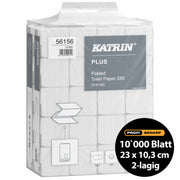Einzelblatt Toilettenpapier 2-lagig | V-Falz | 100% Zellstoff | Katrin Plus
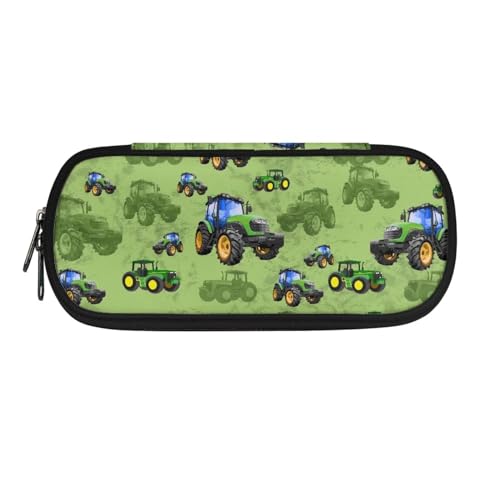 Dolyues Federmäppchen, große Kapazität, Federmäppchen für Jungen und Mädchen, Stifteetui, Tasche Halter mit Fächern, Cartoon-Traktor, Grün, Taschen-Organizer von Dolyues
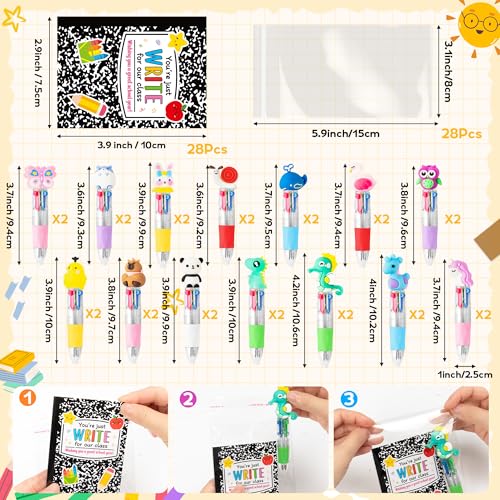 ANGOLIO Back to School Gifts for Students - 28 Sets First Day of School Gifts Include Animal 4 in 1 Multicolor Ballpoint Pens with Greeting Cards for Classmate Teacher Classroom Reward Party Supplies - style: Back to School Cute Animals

+++

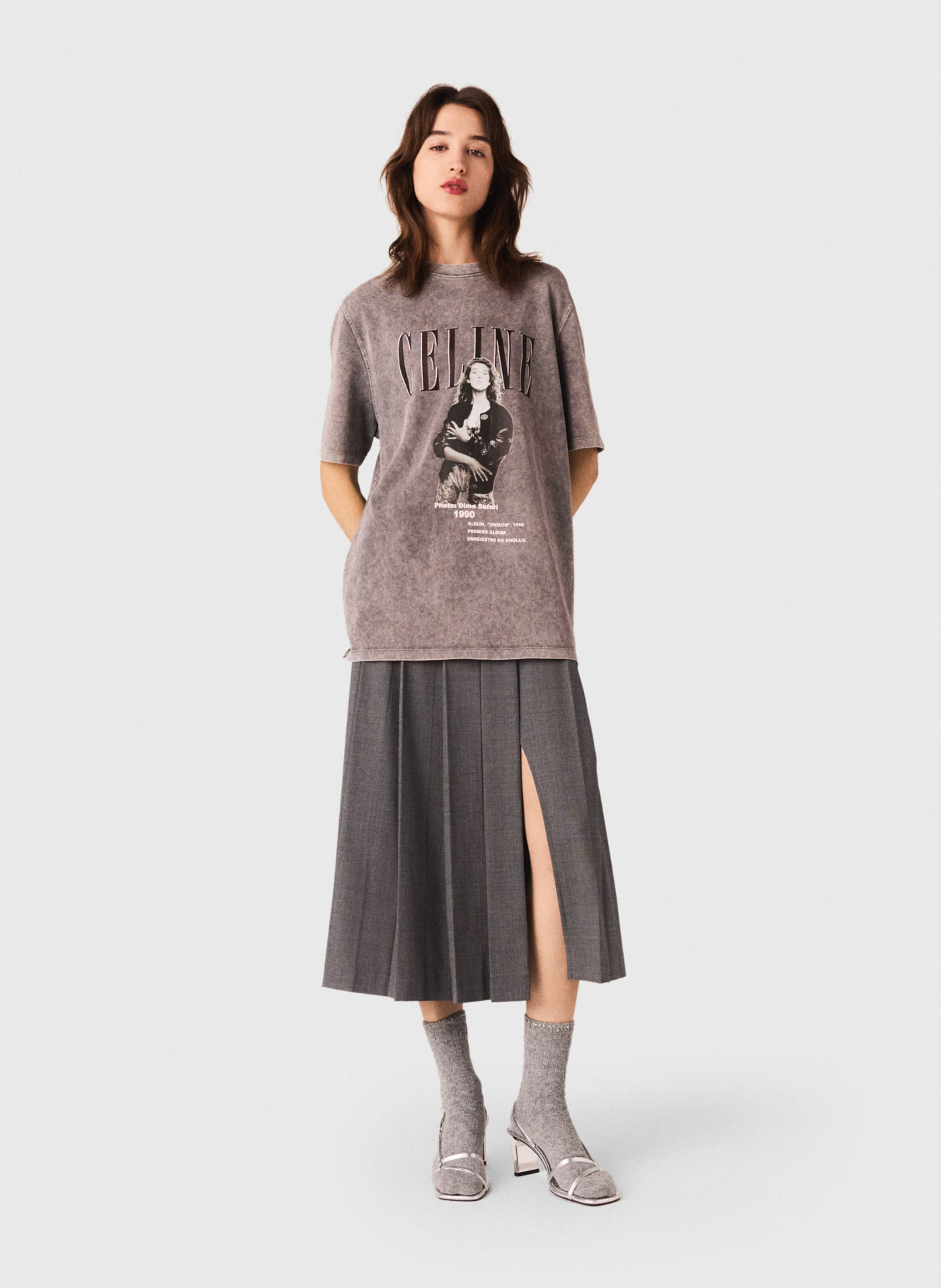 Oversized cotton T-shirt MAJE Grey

+++

◆ **TASK TO COMPLETE**
Reproduce the data above exactly, but only the lines from the one showing "Einzelblatt Toilettenpapier 2-lagig" through the one showing "ANGOLIO Back to", with both ends kept and the pictures left out.

◆ **RESULT OF THE EXERCISE**
Einzelblatt Toilettenpapier 2-lagig | V-Falz | 100% Zellstoff | Katrin Plus
 Dolyues Federmäppchen, große Kapazität, Federmäppchen für Jungen und Mädchen, Stifteetui, Tasche Halter mit Fächern, Cartoon-Traktor, Grün, Taschen-Organizer von Dolyues
 ANGOLIO Back to School Gifts for Students - 28 Sets First Day of School Gifts Include Animal 4 in 1 Multicolor Ballpoint Pens with Greeting Cards for Classmate Teacher Classroom Reward Party Supplies - style: Back to School Cute Animals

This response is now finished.